Don’t use explicit matrix inversion. You could use A[i-1] / inv(B[i-1]). If the blocks are all the same size, as you seem to be assuming here, you could preallocate buffers for the LU factorization, the multipliers, and the other matrix multiplications.

That’s because .= is for elementwise/broadcasting operations, not matrix operations. If you want to do the latter in-place, use ldiv! and mul! etc.

Beware that this algorithm may be numerically unstable, IIRC, e.g. if any of the blocks are nearly singular.

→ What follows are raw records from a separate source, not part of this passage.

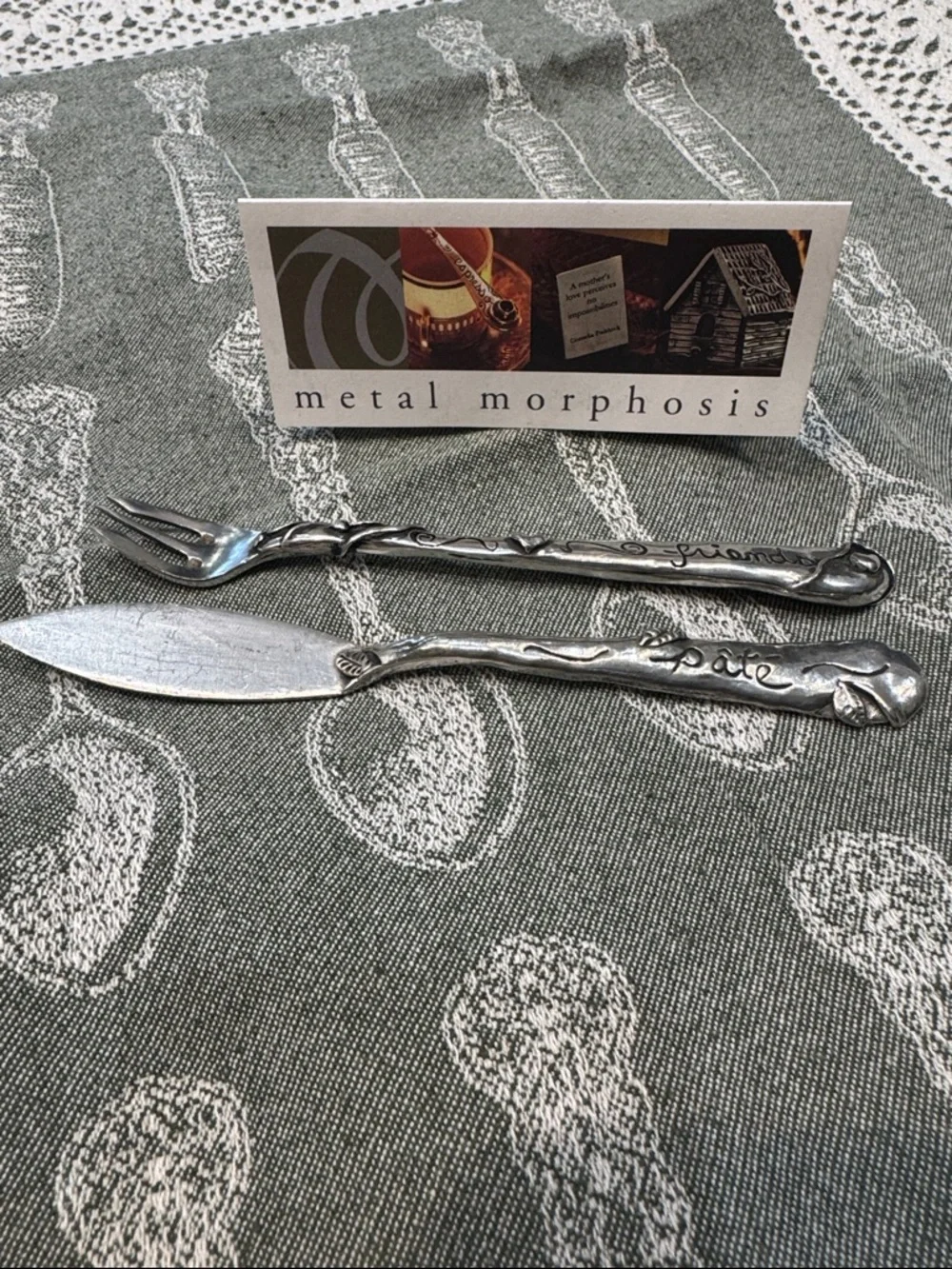 Pewter Pate and Olive fork set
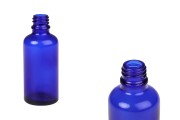 Γυάλινο μπουκαλάκι για αιθέρια έλαια 50 ml μπλέ με στόμιο PP18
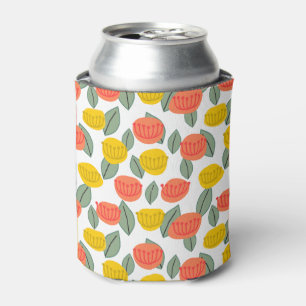 Coral and Gold Flowers  Can Cooler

mstewart · March 13, 2025, 12:46pm

It is unfortunately. It’s even unstable for a non-block symmetric tridiagonal. (And the block case is going be worse with the explicit inverse you pointed out.) You really need some form of pivoting for this to guarantee stability. I put an example for the factorization variant used in ldlt in a post last year.

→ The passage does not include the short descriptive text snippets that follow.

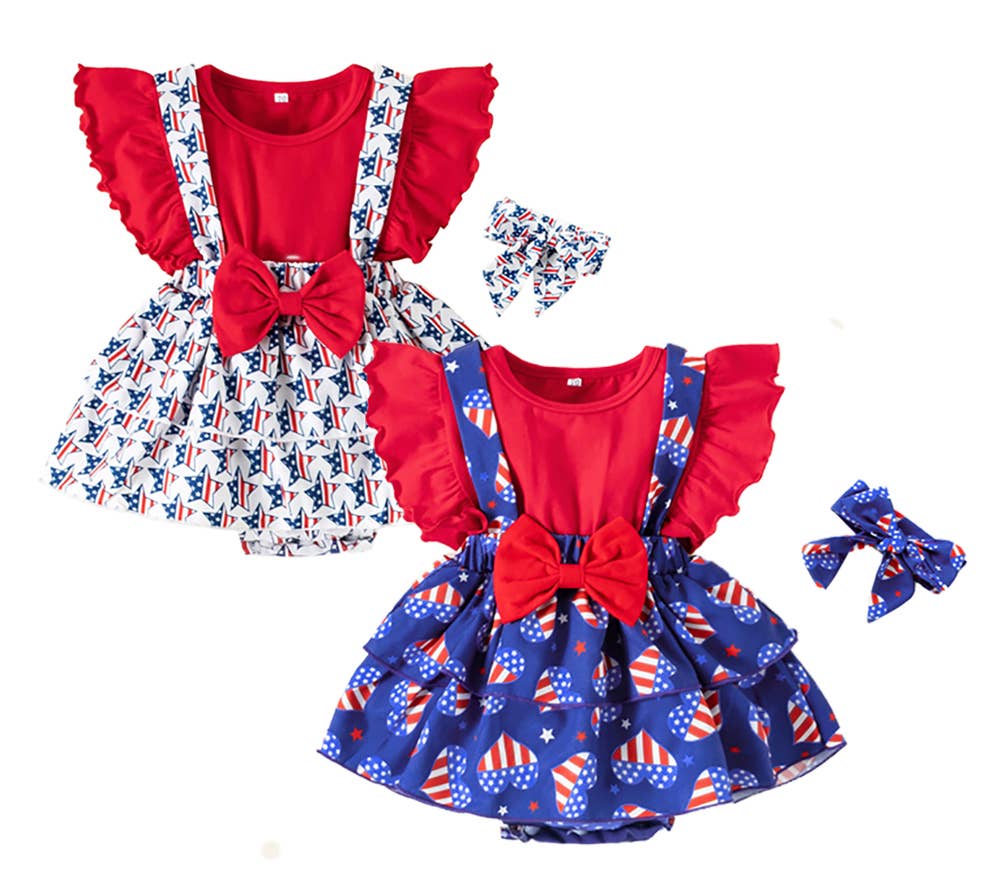 American Flag Design Baby Girl Romper Dress & Headband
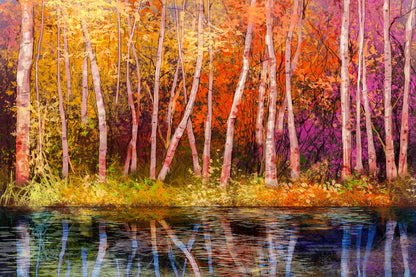 Autumn Forest Oil Painting Home Decor Premium Quality Poster Print Choose Your Sizes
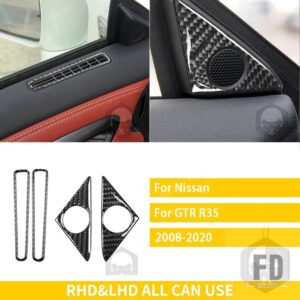 日産 GTR R35 2008-2016 アクセサリーカーボン車室内窓デフォッガーサイドドアエアアウトレットフレームトリムステッカー - SET black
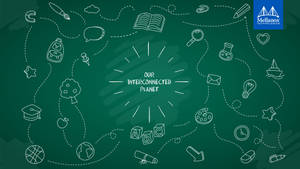 Our Interconnected Planet School Illustration Wallpaper — iMac Wallpaper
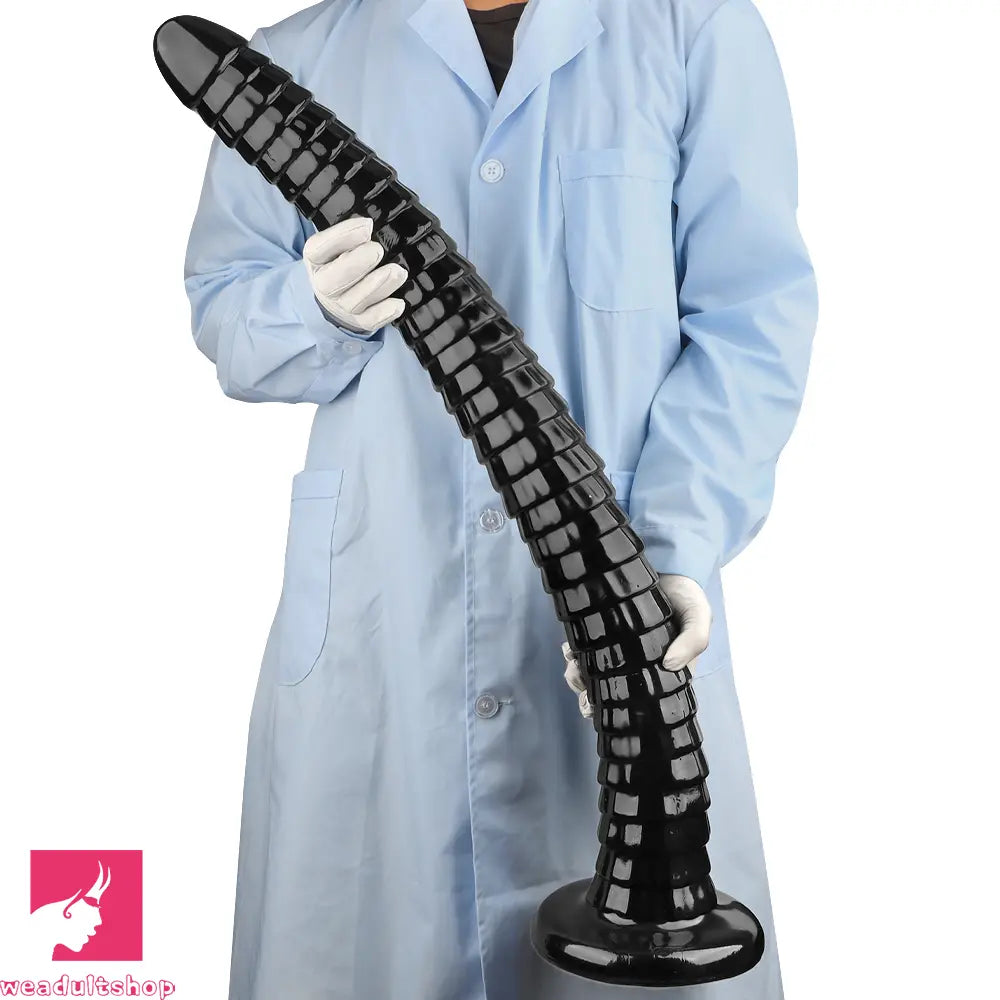 31.5in Black PVC Huge Long Masturbator For Women Gay Dildo Cock Toy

I just showed the factorization backward error, but the thing that seems more troubling to me is that the symmetric tridiagonal solver in Julia uses an unstable algorithm. With a relative residual for the solver, the example is:

using LinearAlgebra
A = SymTridiagonal([
  3e-10 1 0
  1     2 1 
  0     1 2
])

F = ldlt(A)
display(A - F.L * F.D * F.L')

b=[1.0, 2.0, 3.0]
x=A\b
@show norm(A*x-b) / opnorm(A) / norm(x)

which gives output

3×3 Matrix{Float64}:
 0.0  0.0         0.0
 0.0  4.76837e-7  0.0
 0.0  0.0         0.0
(norm(A * x - b) / opnorm(A)) / norm(x) = 8.692567662779919e-8
8.692567662779919e-8

LAPACK avoids this by using LU with partial pivoting for its tridiagonal solver. However, in addition to the permutation, you pick up an extra superdiagonal in U. So it isn’t a fully in place algorithm like the elegant algorithm implemented in ldlt!. The alternative is Bunch’s method that uses 2\times 2 diagonal blocks mentioned in my other post. You don’t need any permutations, but you do need to accept 2\times 2 blocks in D. Bunch’s algorithm has the further advantage of preserving symmetry, so by finding the eigenvalues in D you can reliably compute the inertia of a matrix. However, it also requires extra storage and you can’t represent the triangular factor as a UnitLowerTriangular a SymTriadiagonal as is done now. The structure of the factors doesn’t align as nicely with existing types in LinearAlgebra, which is annoying even if you are fine giving up on a fully in-place factorization.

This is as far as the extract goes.